Quantum concepts, Computer simulation, Understanding, Visualization, Learning
Короткий адрес: https://sciup.org/15019310
IDR: 15019310 | DOI: 10.5815/ijeme.2024.03.01
Текст научной статьи The Effect of Two Computer Simulations on Learning Quantum Measurement Concepts
Today, there is a worldwide competition to master new research and technologies in the subatomic world, which is governed by the laws of quantum mechanics, such as quantum entanglement, which is now used in quantum cryptography [1,2]. The design of future quantum computers based on the Qubit quantum concept, the design of new nonmaterial and applications of Bose-Einstein condensation [3], the development of transistors and semiconductors, The technology of lasers developed at the basis of quantum physics [4], quantum computing [2], the photonics and superconductivity [5], this proves at no time the primordial role of training new researchers, teachers, and engineers with a deep understanding of quantum concepts so that they can innovate and continue this nano-technological progression of the future.

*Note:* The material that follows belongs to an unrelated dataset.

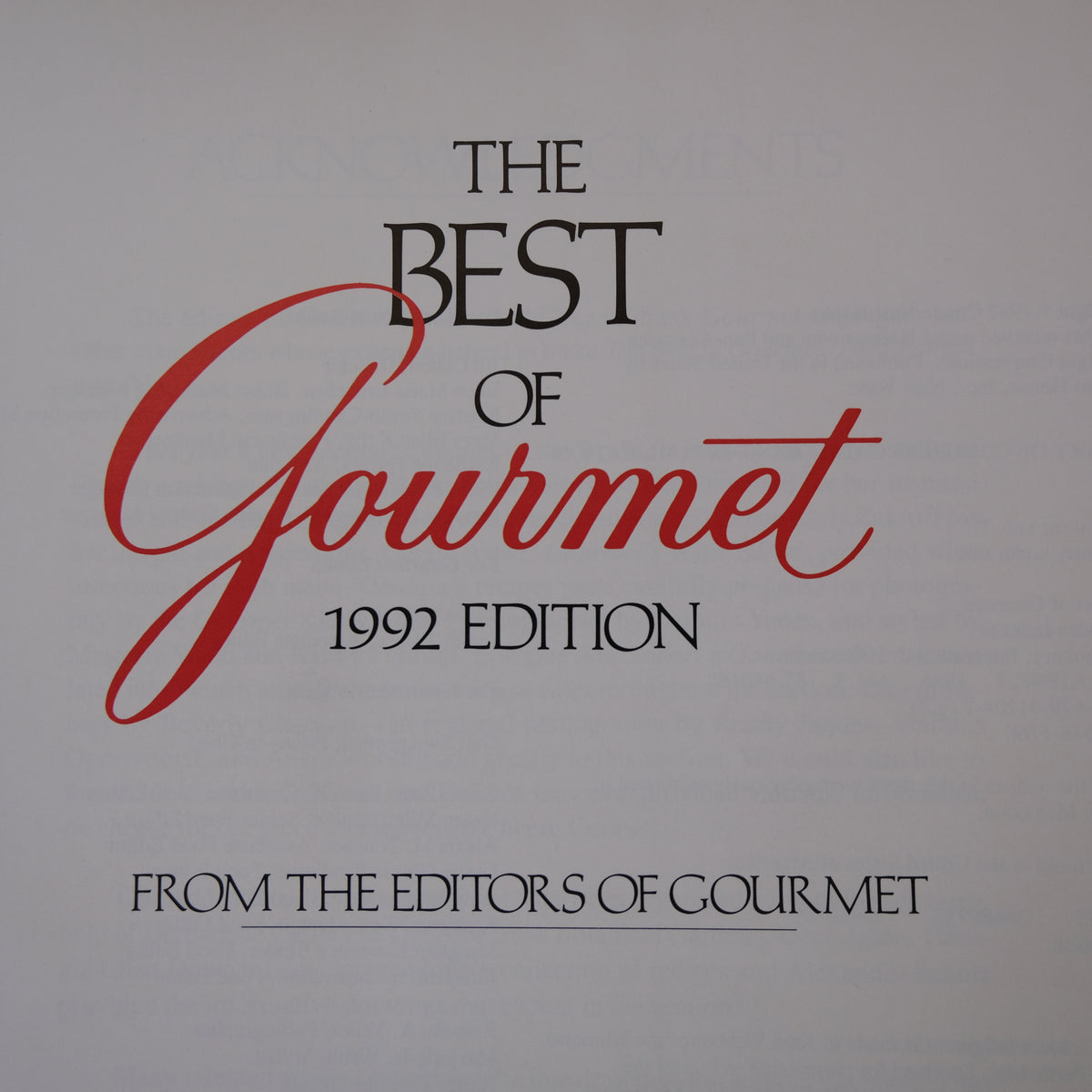 THE BEST OF GOURMET 1992 EDITION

However, the teaching/learning of quantum mechanics knows several difficulties that are linked to several causes of didactic and epistemological orders, such as the misconceptions of learners and teachers, epistemological obstacles, difficult level of abstraction, not intuitive quantum concepts, complicated mathematical formalism, traditional teaching practices, and persistence of classical paradigms. Indeed, several studies have shown that students find it challenging to understand quantum concepts such as the role of observables in the measurement, the probabilistic process of measurement, the reduction of the state during the measurement, and the temporal evolution of a quantum state are still challenging to assimilate according to the students [4-20].

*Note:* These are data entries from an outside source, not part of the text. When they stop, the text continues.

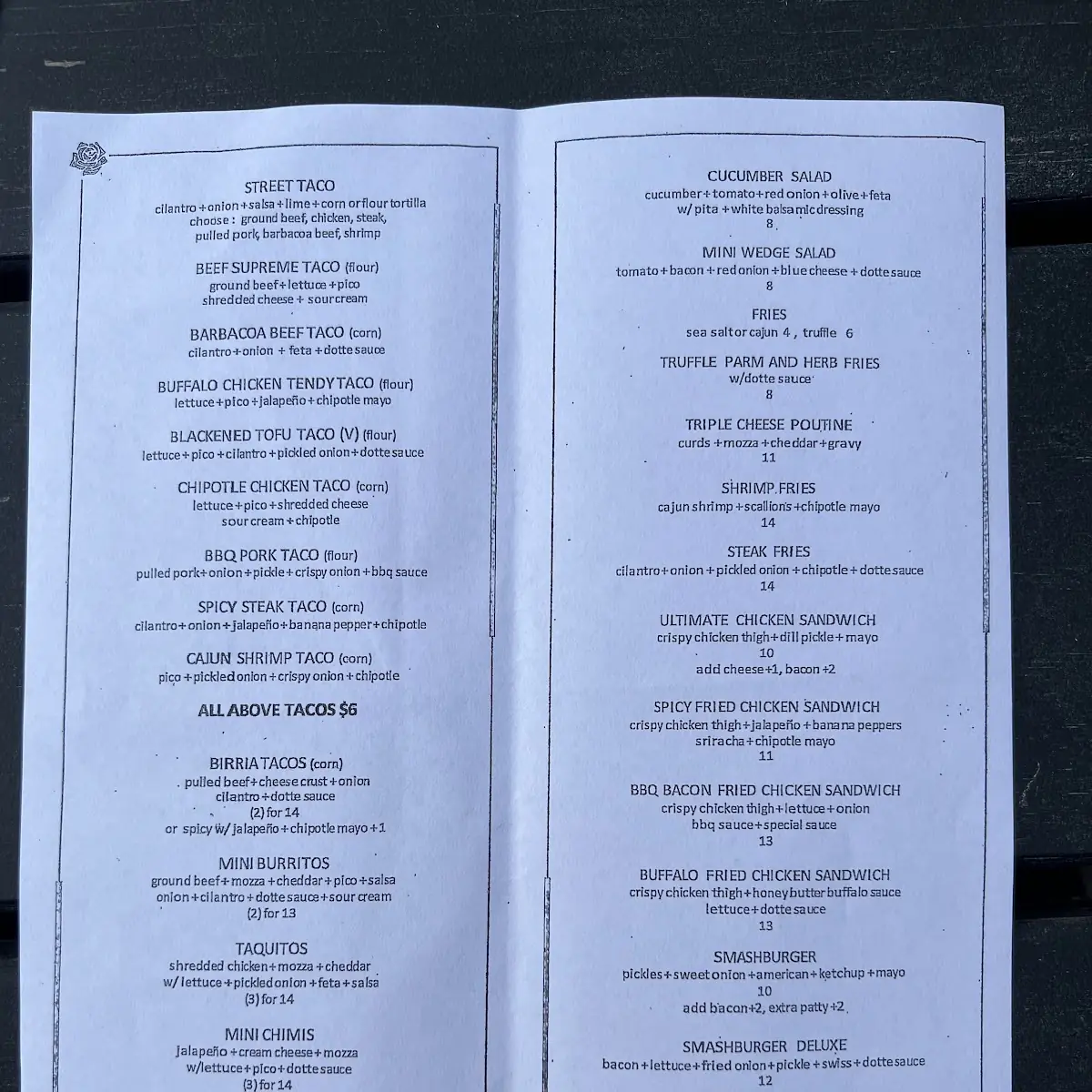 Menu, the dotte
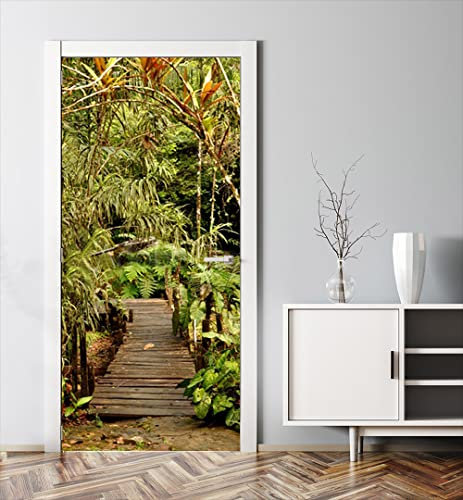 MyMaxxi - Tür bekleben mit Türtapete Türposter Türfolie Selbstklebend 90x200 Dschungel - Tür verschönern mit Türfolie - Türaufkleber Türklebefolie Pflanzen Palme Wald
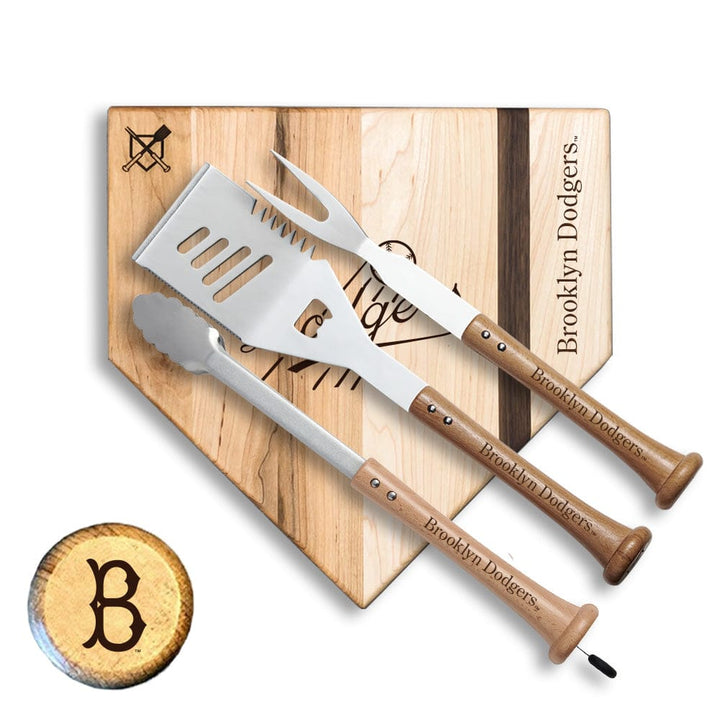 Baseball BBQ Brooklyn Dodgers "Silver Slugger" Combo 12in Style 2 Brooklyn Dodgers "SILVER SLUGGER" Combo Set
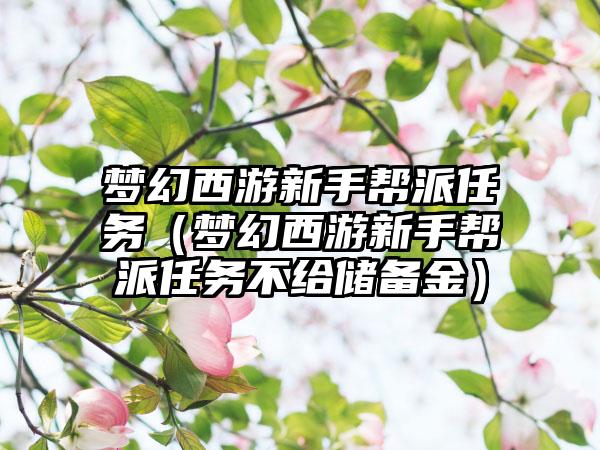 梦幻西游新手帮派任务（梦幻西游新手帮派任务不给储备金）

However, several studies suggest innovations in learning quantum concepts, such as the use of new technologies, programming, the use of simulations, experimentation, cartoons, multimedia web, etc. Then, simulations, visualization, and programming are new technologies that can carry out the task effectively. Indeed, among the most essential tools to make the learning/teaching of quantum concepts active are simulations and visualization. In fact, the phenomena at the atomic and subatomic scale governed by quantum concepts are inaccessible to our senses, which is why we do not have daily experiences with the quantum world. On the other hand, much research has focused on the importance of visualization in learning. Furthermore, the research finds that approximately 50% of the brain is related to vision [8], which incites many researchers to focus on the importance of visualization in improving learning mathematics and science [21-25] which proves the use of simulation and visualization in the learning of quantum concepts that are always too abstract, counterintuitive, and far from the daily experiences of the learner.

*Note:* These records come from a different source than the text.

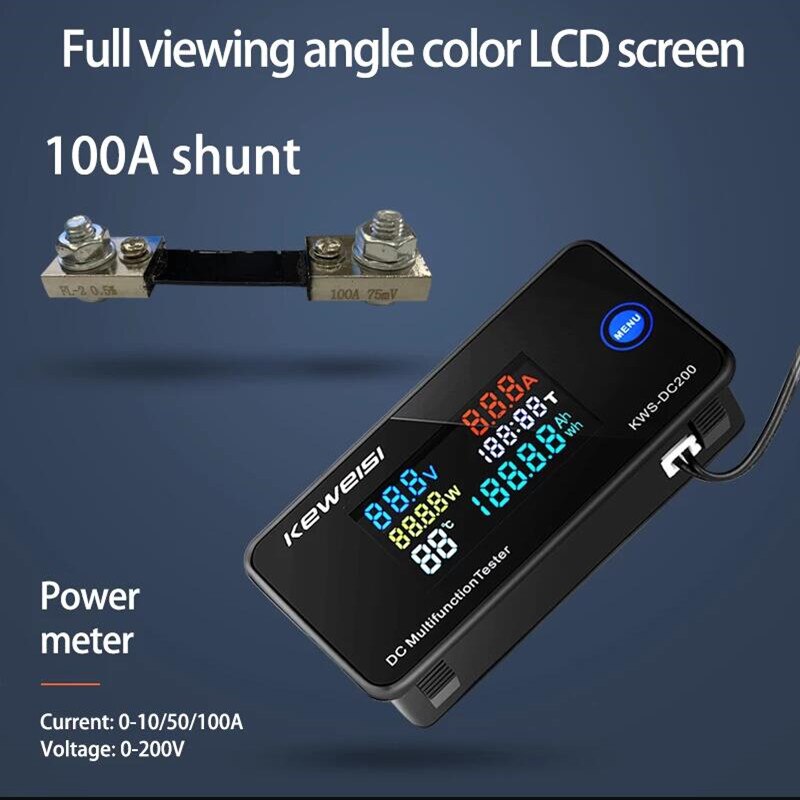 KWS-DC-200 Digitales Voltmeter, Amperemeter, DC 0–200 V, KWS Energie Energie Meter, LED-Farbe, DC, elektrisches Wattmeter mit zurücksetzen-Funktion, 0–100 A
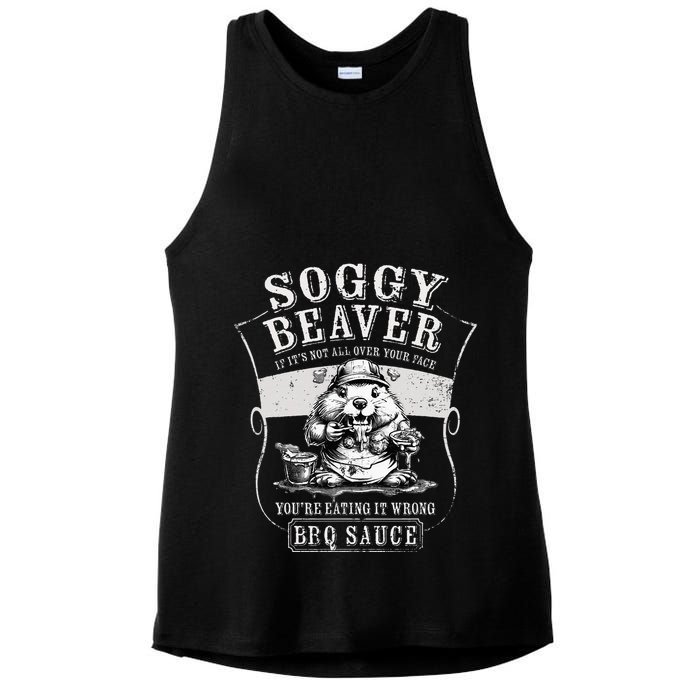 Funny Soggy Beaver Bbq If ItS Not All Over Your Face Ladies PosiCharge Tri-Blend Wicking Tank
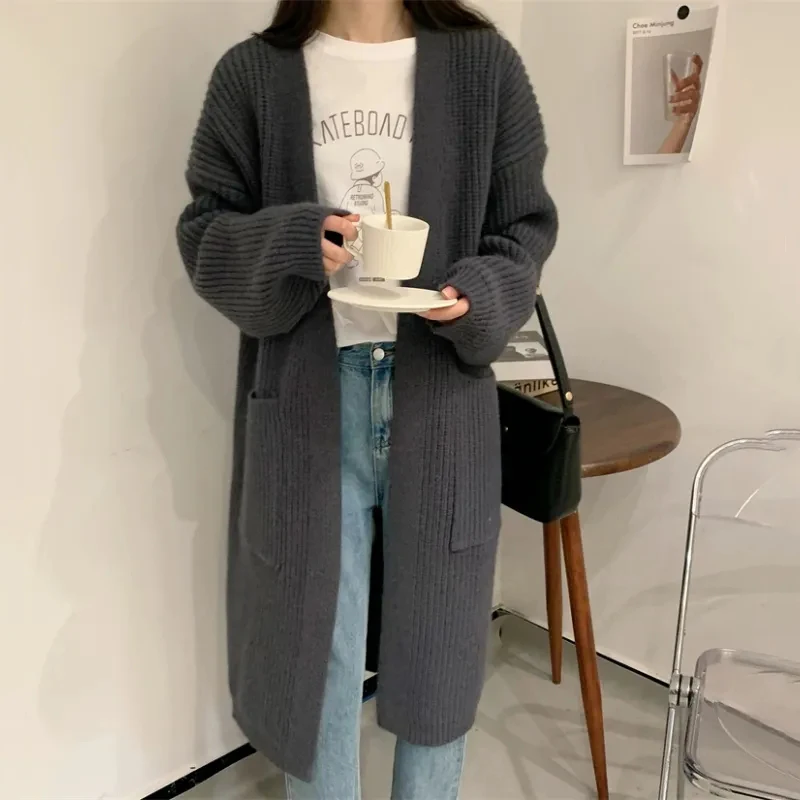 Autumn Warm Midi Knitted Cardigan Women Korean Loose Pocket Casual Knit Coats Female Fashion Lazy Style Solid All-Match Cardigan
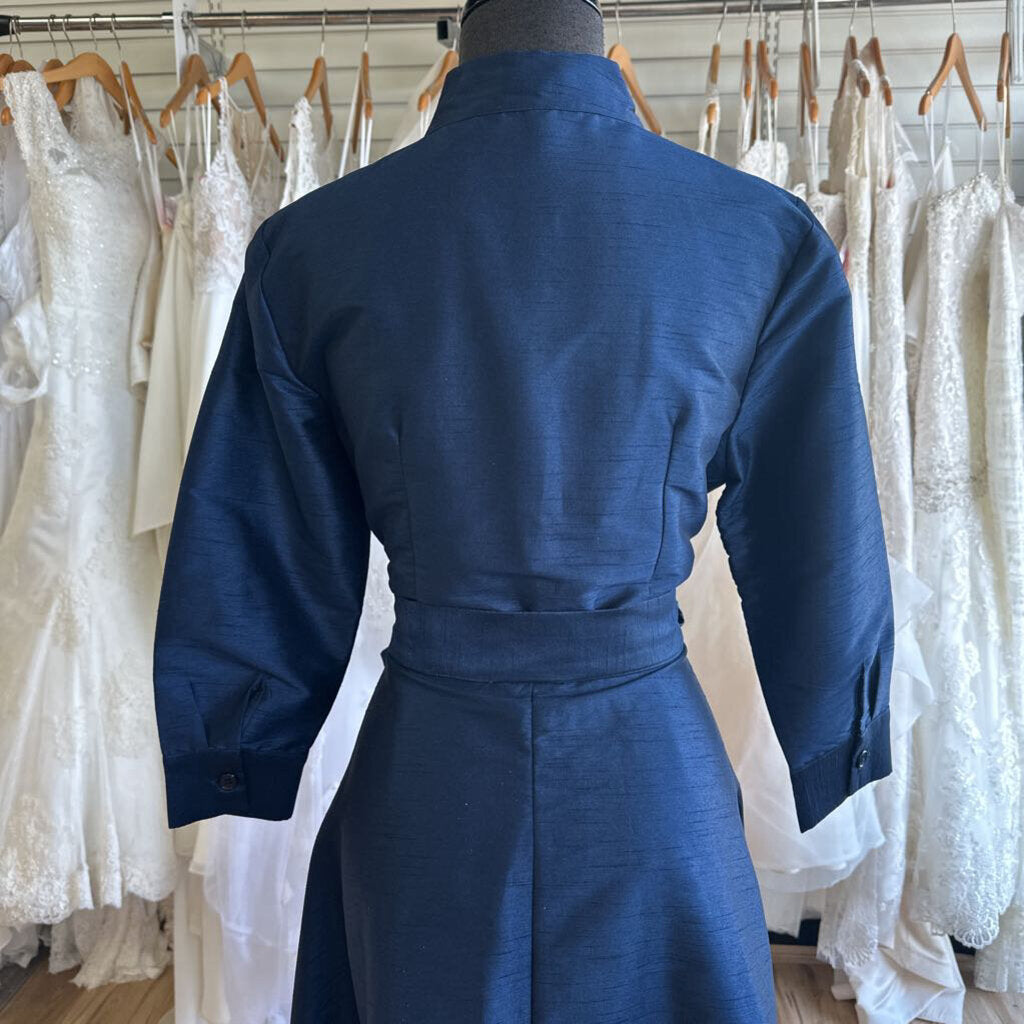 eShakti Navy Textured Long Sleeve Button Down Maxi Dress Large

In this context, several researchers in the field of quantum mechanics teaching research have developed several projects of simulations and visualizations, and computer programs to improve the teaching/learning of quantum concepts, PhEt[26], QuILTs[27], QuVis[28], Quantum Composer [29], Physlet [30, 31, 32, 26, 16, 33], All these projects have proposed series of simulations that have proven their effectiveness in improving the learning of quantum concepts.
the use of the simulation tools mentioned below have shown that there is a very important improvement after their integration in quantum mechanics teaching, thus the use of QuILTs simulations in Zhu's study [20] have been shown the following results, the scores of students who used QuiLts simulations are above 80% while the scores of students who learned quantum mechanics traditionally are below 50%.The use of Physlet simulations increased the students' mean scores from 11% to 66% between a pre-test and post-test [30]. In the study of Singh[27] the authors have proven the effectiveness of QuILTs simulations to improve the understanding of the concept of the temporal development of the wave function from 53% to 85%, and the improvement of the understanding of the uncertainty principle from 42% to 83%.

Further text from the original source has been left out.